## What you will do
For this exercise, write out only the lines of the entries below from the one with "Metzneria aprilella" up to and including the one with "Polarized Vs Non Polarized", exactly as they are. Pictures stay out.

Recorded data:
^^^^^^^^^^^^^^^^

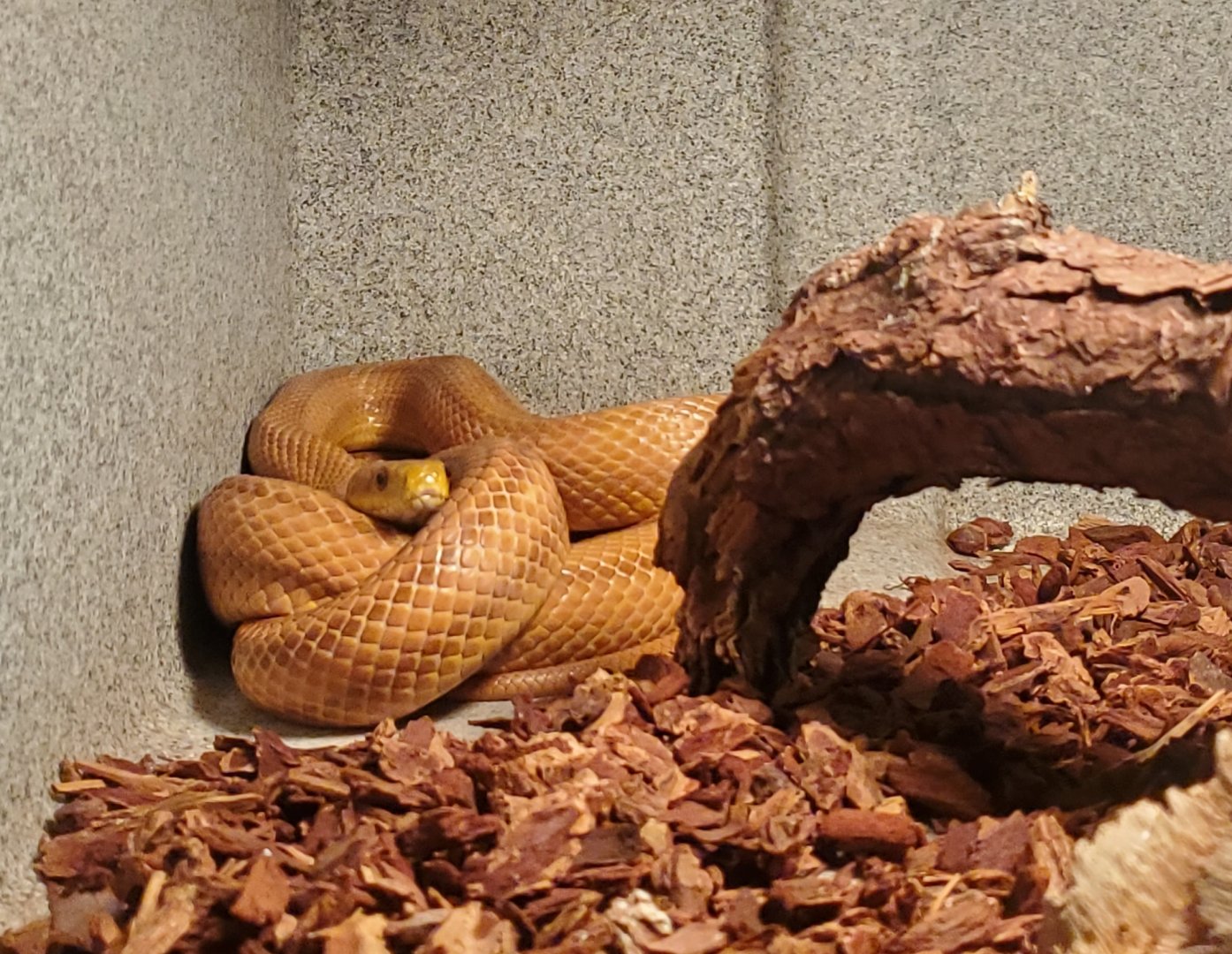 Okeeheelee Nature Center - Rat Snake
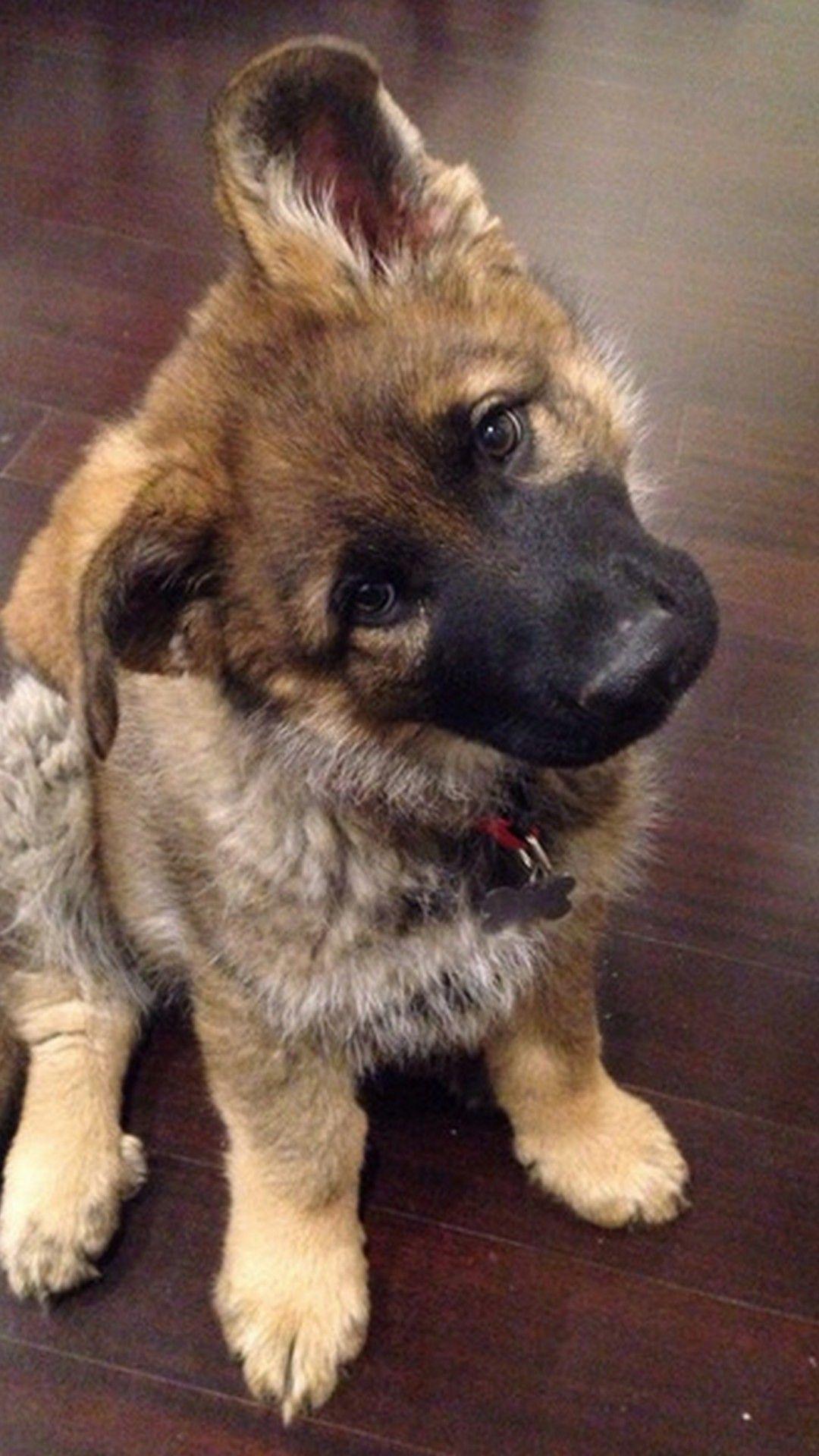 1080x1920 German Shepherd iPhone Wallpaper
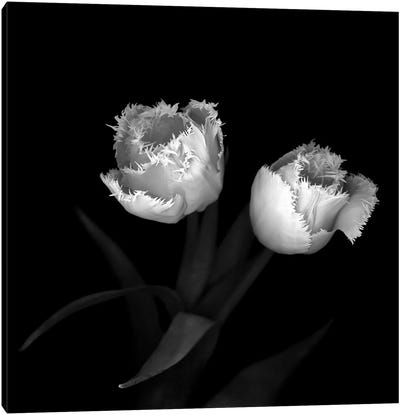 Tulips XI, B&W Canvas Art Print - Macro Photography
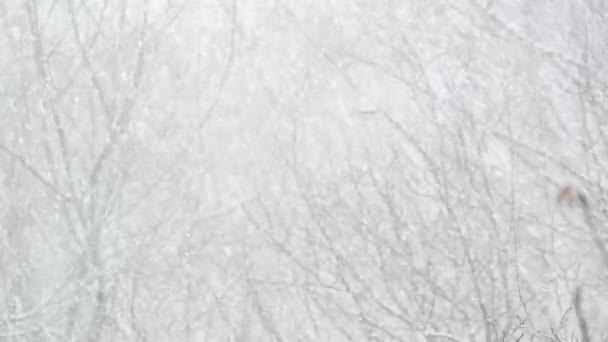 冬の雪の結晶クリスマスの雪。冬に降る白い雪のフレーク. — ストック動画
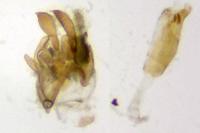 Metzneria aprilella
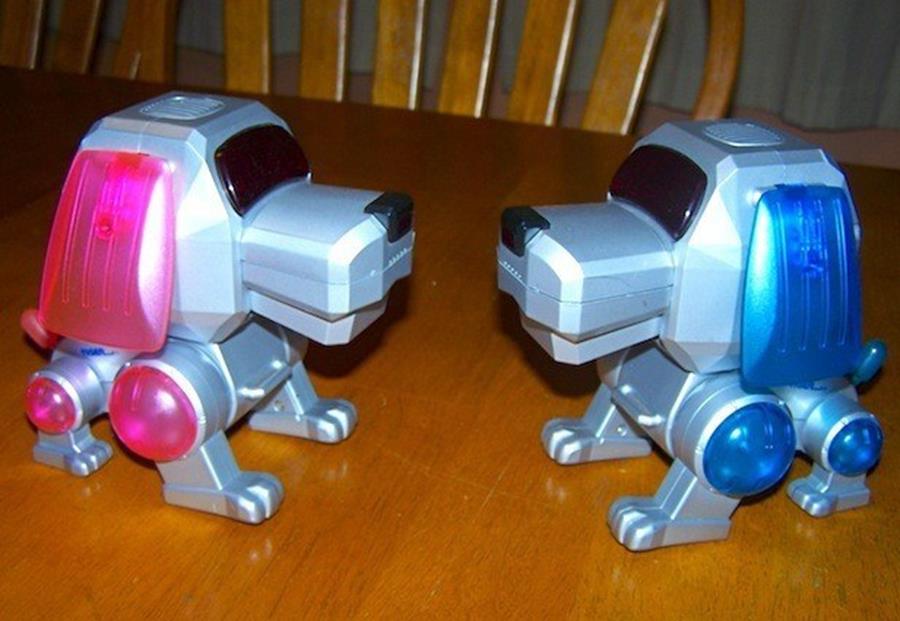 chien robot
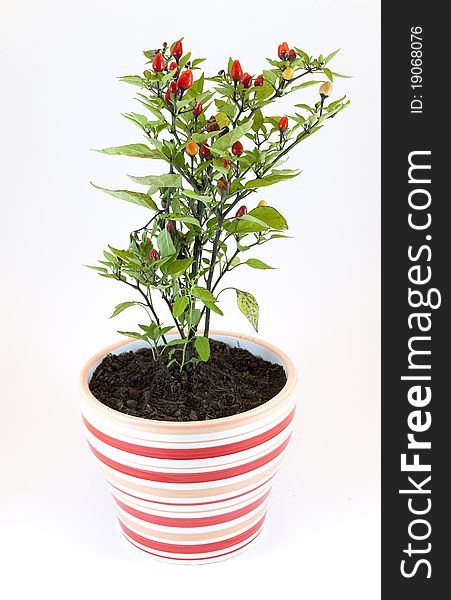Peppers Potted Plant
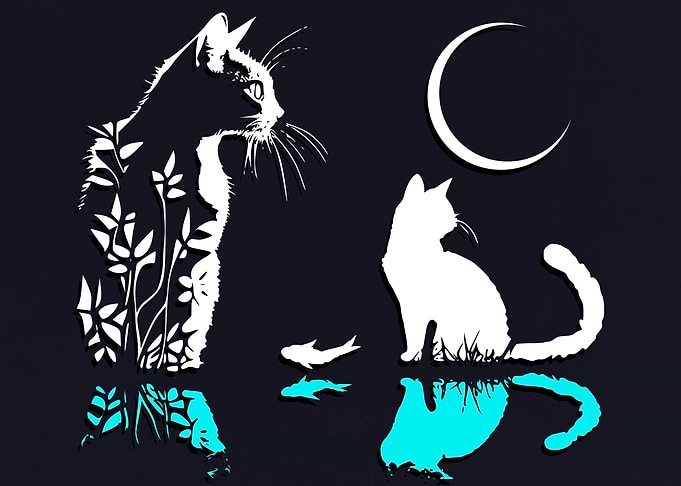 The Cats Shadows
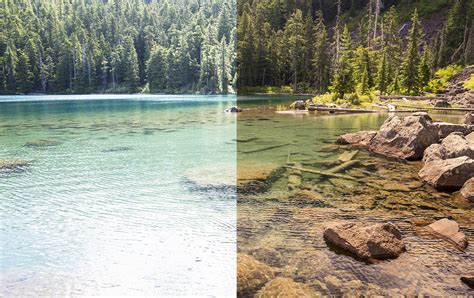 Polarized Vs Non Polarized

^^^^^^^^^^^^^^^^

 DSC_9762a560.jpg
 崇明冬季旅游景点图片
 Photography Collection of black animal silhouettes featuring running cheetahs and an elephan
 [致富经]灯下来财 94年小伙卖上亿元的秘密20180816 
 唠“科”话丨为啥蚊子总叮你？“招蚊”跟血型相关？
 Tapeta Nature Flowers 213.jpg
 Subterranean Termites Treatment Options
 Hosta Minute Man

^^^^^^^^^^^^^^^^

## Your solution
 Metzneria aprilella
 chien robot
Peppers Potted Plant
 The Cats Shadows
 Polarized Vs Non Polarized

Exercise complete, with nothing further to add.